You might think that this is a very dramatic statement for someone working in the fashion industry, but if you really think about it, look at the body of work he has collected over the years, and then his own style, you’ll have to agree with him.
“You can dress as avant-garde as you want, but you also have to know where to hit pause,” he says. “For Eid, I wore something from Elan’s ready-to-wear collection, and everyone thought I was wearing a custom-made outfit,” he says. Khoja balanced the floral print with a black scarf, and sensible black slip-ons; he practises what he preaches.
For the most part, Khoja works with Nabila Maqsood, Pakistan’s foremost makeup artist, and one of the pioneers of the beauty-meets-fashion industry. He has recently made partner in Zinc, the modelling agency that falls under the umbrella of Nabila’s businesses, and that is the second part of his job, which perhaps flies a little more under the radar, but is actually more important.
In 2021, Khoja, radiant as he took pictures on the Lux Style Awards red carpet, had more than one reason to be happy. The first was, model and friend Sachal Afzal was wearing an ensemble that Khoja put together with a one-line brief: tribute to Lollywood. Afzal wore a dhoti and kurta, designed and accessorized by YBQ Design Studio. The outfit got a lot of attention, and despite being a nod to the closest thing Pakistan has to a superhero, Maula Jatt, was very red-carpet-appropriate. As he hugged his other friend, Sarah Zulfiqar, Khoja beamed with pride. He has done more than dress up the two models (and others), that night: he was the one who had discovered Sarah, and with one styling tip, had won Afzal major attention during fashion week a few years earlier. And that night, both carried home trophies in the modelling categories.
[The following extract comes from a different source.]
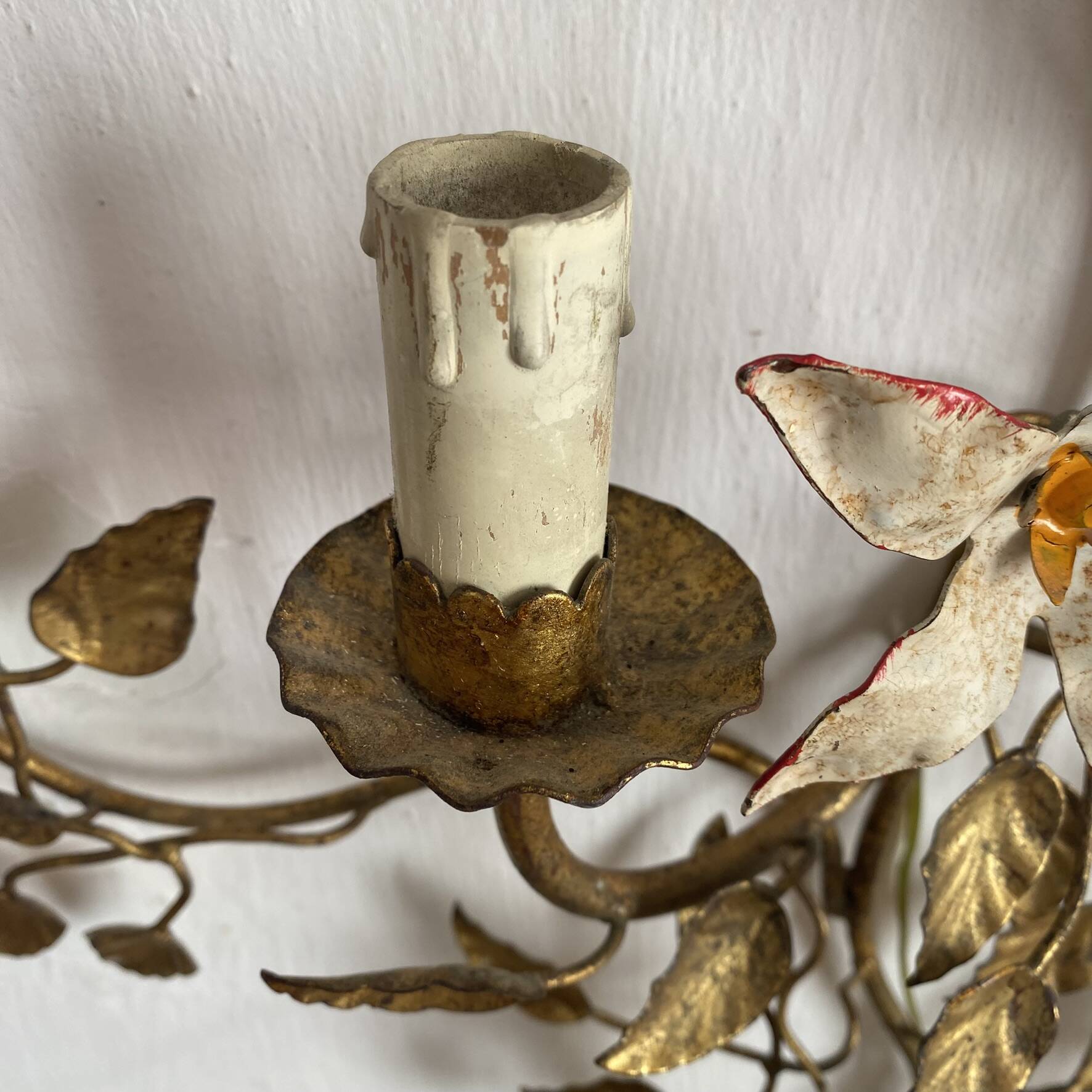 Grande applique fleurs et feuillage en métal doré années 50-60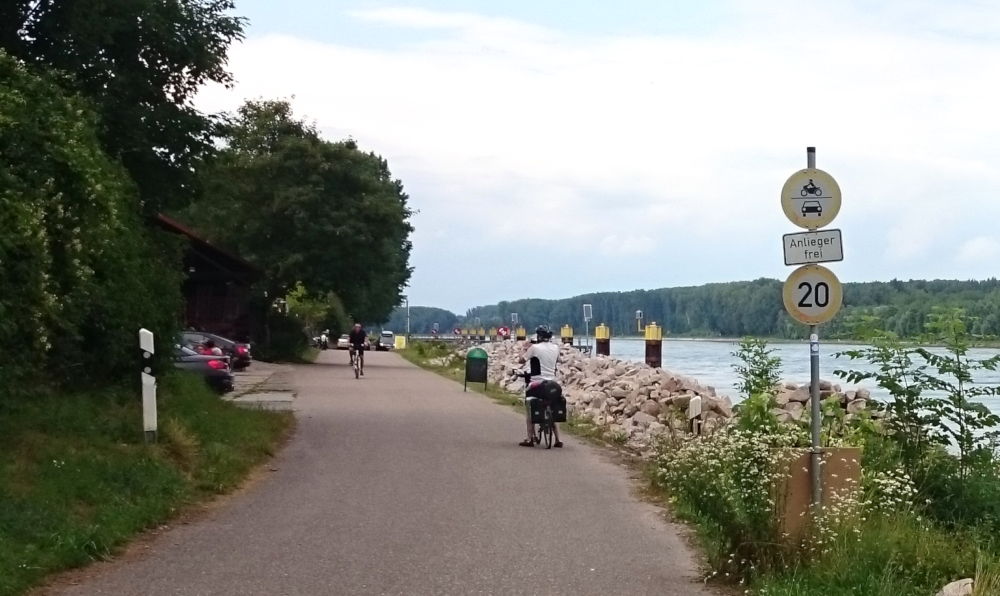 Am Sondernheimer Ziegeleimuseum (13.7.2019; Foto: Klare)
“I think I have a knack for picking out faces that will do well, and also how to capture them correctly,” says Khoja. Apart from Sarah Zulfiqar, whom he had spotted in a restaurant and offered a modelling job to, Khoja also had Sachal Afzal shave off a lush beard, drawing more attention to his bone structure, and found Maha Taherani at the salon, having her makeup done for her brother’s wedding.
“I remember once i took Fahmeen Ansari’s pictures on my phone and sent them off to different people, and she got inundated with work soon after,” he says.
In fact, if you look back at the new faces who have emerged in modelling over the last few years, you’ll find a lot of Tabesh Khoja discoveries. To loosely paraphrase Salvador Dali on drugs, Tabesh Khoja doesn’t just work in fashion, he is fashion.
In the last decade or so, since he became part of Nabila’s team, Khoja has seen multiple fashion weeks, hundreds of editorials, and styled celebrities and models. When he envisions a particular look (“I know what I want to see, and I may not be able to construct it myself, but I can ask a designer to do it”), that he wants to play with for a shoot, he will simply match up idea to designer, and have a capsule designed. Khoja did this most recently with Adnan Pardesy, whom he had build a denim collection for a shoot, because he wanted to work with the diversity of looks one can create with the very hardy fabric.
But it doesn’t always have to be complex or time-consuming. A couple of months ago Khoja headed to the beach with Sachal Afzal in a white kurta, and photographer Hamza Tariq for a quick shoot. “You don’t always need a lot of styling, or art, or equipment to create a good editorial,” he says, “sometimes all you need is an idea and enthusiasm.”
But ideas, says Khoja, are running out fast, or being ignored within Pakistan’s fashion industry.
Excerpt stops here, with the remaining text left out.